C’est un article fort intéressant qui mérite de notre part plus que des exégètes. Publié par la journaliste Sabine Cessou sur Rue89, il fait le tour, avec à l’appui des témoignages obtenus sûrement en faisant des pieds et des mains, des maux qui ont mis le système éducatif malien dans l’entonnoir d’une dégradation graduelle : corruption, piston, étudiants fictifs, salaires bas (pour les enseignants) et, pour clouer le bec à quiconque, les « Notes Sexuellement Transmissibles (N.S.T) ». Que conclue la journaliste ? Elle estime que la corruption à l’université n’est que la partie visible de l’iceberg quant à « ce mal généralisé qui a en partie conduit à la dislocation de l’armée et place le Mali à la sixième, en partant du bas, dans l’index des Nations Unies sur le développement humain.»

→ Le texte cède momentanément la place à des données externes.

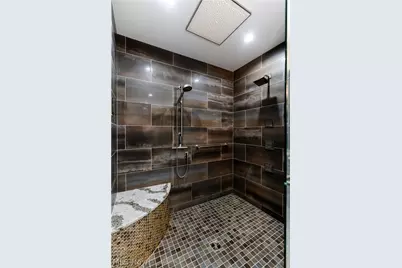 2389 Amberwood Circle NE, Massillon, OH 44646 - Photo 25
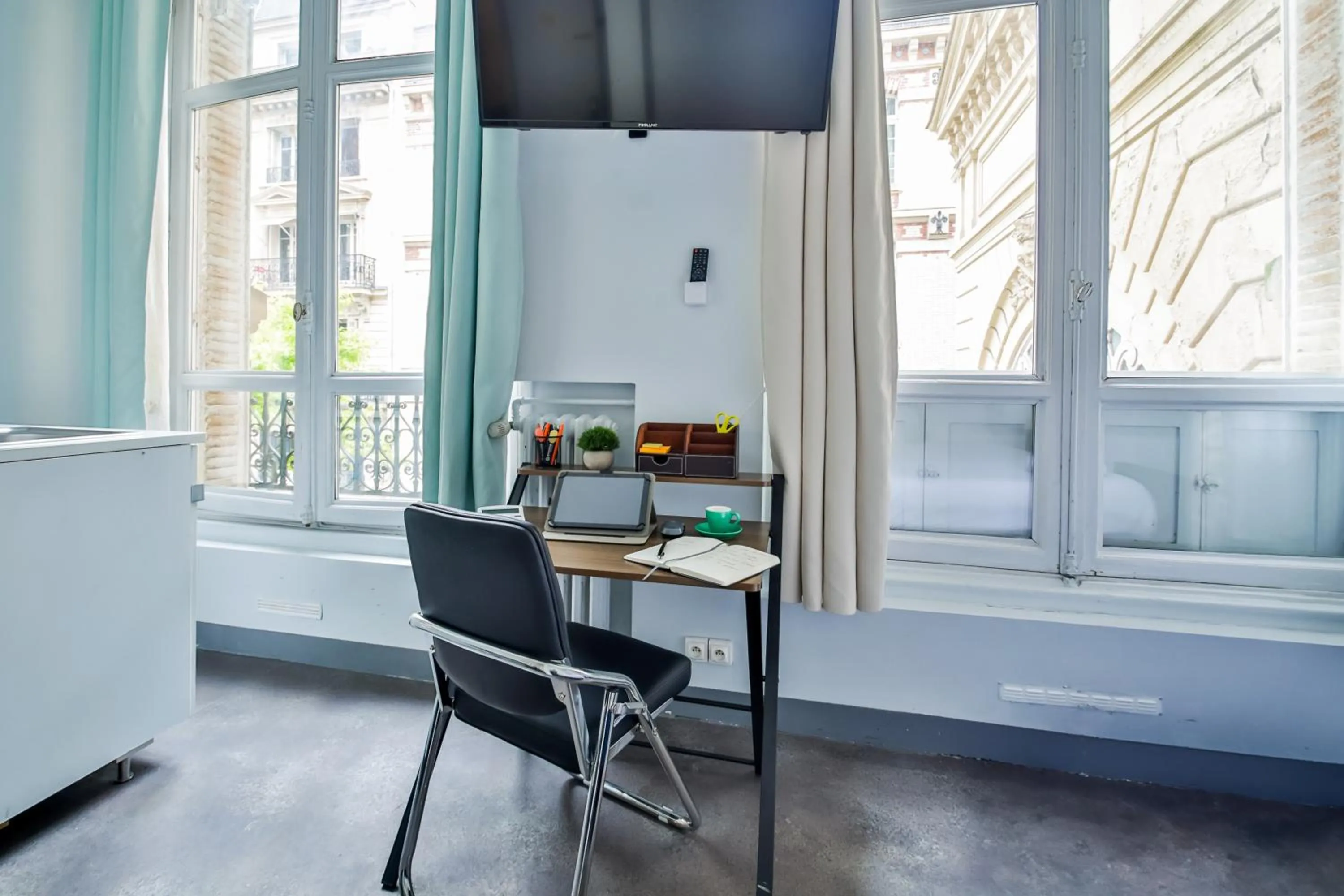 Bed in WS Louvre - Etienne Marcel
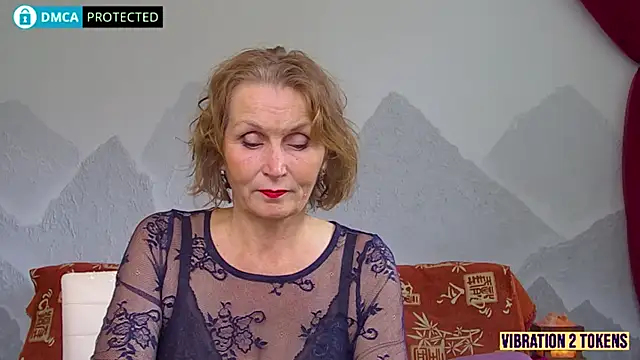 Snapshot of sourceSatisfaction chatting on 10/13/25, 05:42 sourceSatisfaction online show from 10/13/25, 05:42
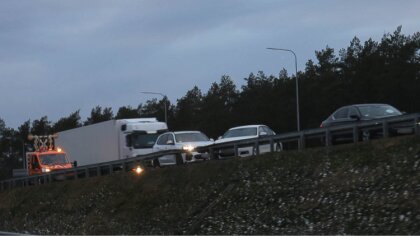 Ostrów Mazowiecka - Do zdarzenia doszło w piątek na obwodnicy w pobliżu Ostrowi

Disons tout de suite que Sabine Cessou n’a pas du tout fait d’une mouche un éléphant.
Les faits dénoncés sont là, bien connus de tous, même si on peut regretter que les solutions manquent toujours à l’appel. Et le jeunemalien et journaliste que je suis, ayant consacré beaucoup de chroniques à ce sujet qui n’intéresse que fort peu l’opinion publique nationale, est en droit de rire comme un bossu tant il est évident que ces phénomènes seront difficilement exclus de notre société. C’est indéniable, l’éducation est l’un des dossiers béton que le nouveau président, Ibrahim Boubacar Keïta, aura à affronter. Mais il ne faut pas se le cacher : I.B.K va passer tout son mandat à redresser les torts provoqués par plus de 20 ans de mal gouvernance et de mauvaise pratique de la démocratie.« L’école est le reflet de la société. L’argent est devenu roi et un système de corruption permet aux fils à papa d’acheter les notes ».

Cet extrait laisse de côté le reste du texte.